Edge computing is basically to compute and develop analytics on the device itself. While many of today’s always-connected tech devices take advantage of cloud computing, Internet of Things (IoT) manufacturers and application developers are starting to discover the benefits of edge computing.
Why edge computing?
This on-device approach helps
- Reduce latency for critical applications
- Lower dependence on the cloud
- Better manage the massive deluge of data being generated by the IoT.
- It can help reduce connectivity costs by sending only the information that matters instead of raw streams of sensor data. Very useful for devices that connect via LTE/cellular such as smart meters or asset trackers.
Edge computing provides new possibilities in IoT applications, particularly for those relying on machine learning for tasks such as object detection, face recognition, language processing, and obstacle avoidance.
Following this trend some OEMs are designing IP cameras which uses on-device vision processing to watch for motion, distinguish family members, and send alerts only if someone is not recognized or doesn’t fit pre-defined parameters. By performing computer vision tasks within the camera, the company reduces the amount of bandwidth, cloud processing, and cloud storage used versus the alternative of sending raw streams of video over the network. In addition, on-device processing improves the speed of alerts.
Security and privacy can also be improved with edge computing by keeping sensitive data within the device. For example, new retail advertising systems and digital signage are designed to deliver targeted ads and information based on key parameters set on field devices, such as demographic information.
Processing at the edge also reduces latency and makes connected applications more responsive and robust. Avoiding device-to-cloud data round trips is critical for applications using computer vision or machine learning — for instance, an enterprise identity verification system.
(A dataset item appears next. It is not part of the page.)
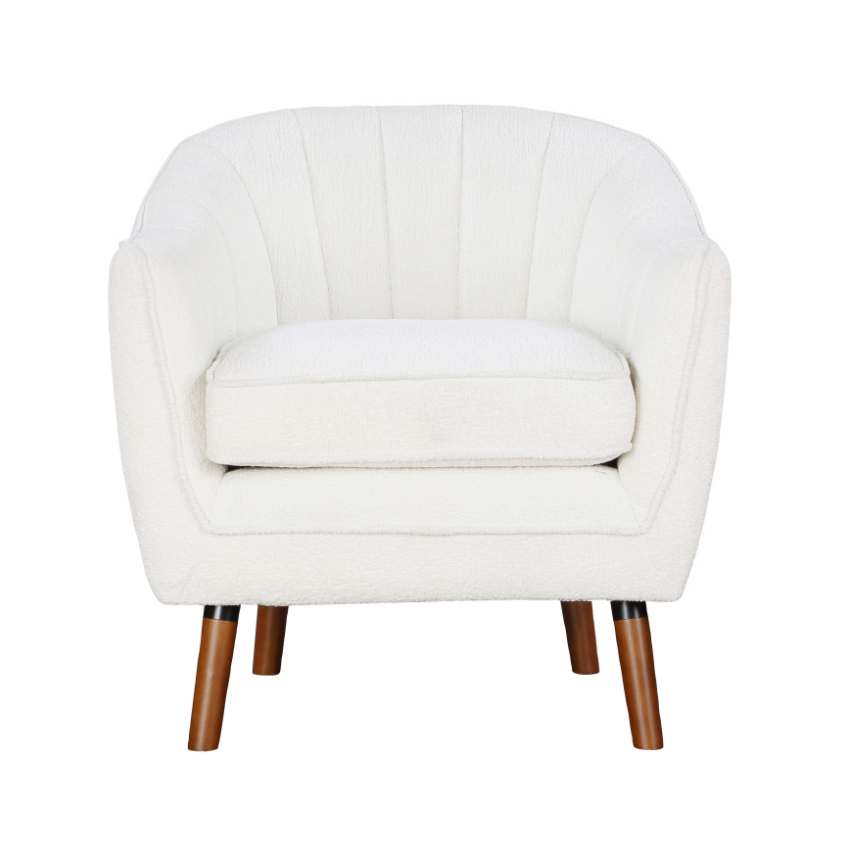 Cutler Accent Chair in White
Some other use cases could be: Drone, autonomous vehicle, healthcare, remote monitoring oil & gas, AR.
Edge devices are being created with increasingly sophisticated compute capabilities. Couple that with not-so-far-off advanced connectivity technologies such as 5G, which will deliver faster, more robust, and massive connectivity, and it becomes obvious that we are about to witness the emergence of a new breed of smart devices and applications.